E, claro, Duprat, Medaglia & Cia. não estariam perto se não fosse o aviso dado por Augusto. Quando, nos anos 1970, Medaglia (o do maravilhoso arranjo de “Tropicália”, que deu cara ao movimento) lastimava nossa “queda” na produção de “boleros” e exaltava concertos de Rick Wakeman (um remanescente do rock progressivo cujas criações me pareciam vazias), eu quis comentar esse desequilíbrio com Augusto, que não aderiu a meu esboço de protesto. Entendi que ele não achava substrato para um julgamento nessa anedota. E me pus a pensar mais de duas vezes sobre o assunto.
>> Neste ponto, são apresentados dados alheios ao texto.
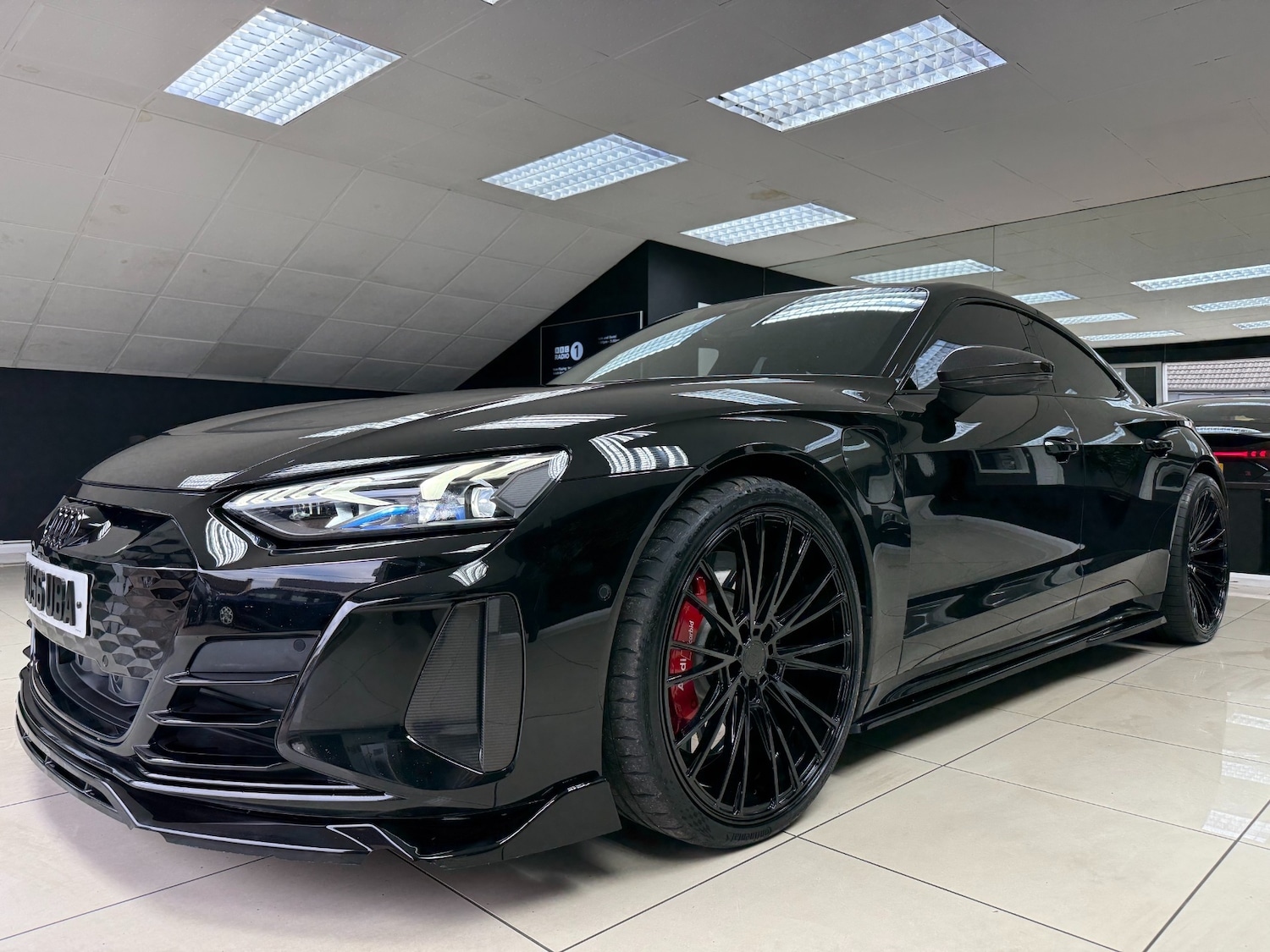 Used Audi RS e-tron GT 2023 for sale - 76508098: Photo 3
No entanto, depois que saiu Verdade tropical e eu lhe disse que, por reverência e carinho por Duprat, eu não tinha posto no livro que achava A banda tropicalista do Duprat um disco fraco, Augusto me disse: “Você devia ter posto.”

Em Verdade tropical, digo como discordo de Augusto quanto à maior importância de Mário Reis na formação do estilo de João Gilberto, em detrimento da influência de Orlando Silva e Caymmi sobre o pai da bossa nova. Anos depois das conversas sobre Medaglia e Duprat, Augusto escreveu um artigo em resposta muito completa à minha argumentação. O curioso é que, embora eu não tivesse mudado de opinião quanto ao caso, passei a considerar mais a irretocável prosódia de Lupicínio se comparada à de Caymmi — e a pensar em como era empobrecedor que eu tivesse apagado o lado “exterior”, do canto à pouca voz, em defesa de áreas “internas” (legati, como sempre em Orlando e nunca em Mário; canto-como-fala como no Caymmi dos sambas e não como na fala-como-canto de Mário etc.) da estética musical de João Gilberto. Caymmi e Orlando, claro, tinham muita ópera em seu canto. E eu vejo Augusto longe, mas mais perto, ensinando-me com paciência outras maneiras de ir fundo.

Visitante dos céus/Up From The Skies (Jimi Hendrix/tradução de Augusto de Campos).

No verão de 2019 para 2020, um jovem rapper entrou em minha casa de Salvador e quis me mostrar no seu smartphone o que ele mais gostava em música. Era um vídeo de Erikah Badu, gravado ao vivo, numa onda vocal/instrumental muito jazzística. Fiquei emocionado porque isso era como ter Augusto ali na sala da casa do Rio Vermelho. Eu nem tinha como dizer ao jovem. Mas disse. Significa muito para mim tudo o que Augusto ressalta. Adoro Erikah, mas a visão de Augusto a enaltece a meus ouvidos. Sempre fui louco por Lauryn Hill e uma das maiores alegrias que Augusto me deu mais recentemente (pouco antes das publicações da Galileu Edições) foi colocá-la, numa entrevista, ao lado da Badu. Ontem vi e ouvi, online, Augusto tocando blues numa mini-gaita, enquanto Cid tocava guitarra e cantava a versão feita por Augusto para “Up From The Skies” de Jimi Hendrix. Tenho muito orgulho de ter feito versões musicais para os poemas “Dias Dias Dias” e “O pulsar” — além de uma cinematográfica para “Flor da pele”. Mas o conjunto do trabalho verbivocovisuomusical feito por Cid, através de décadas, junto à poesia de seu pai, é a mais consistente comemoração para a completude dos seus 90 anos4.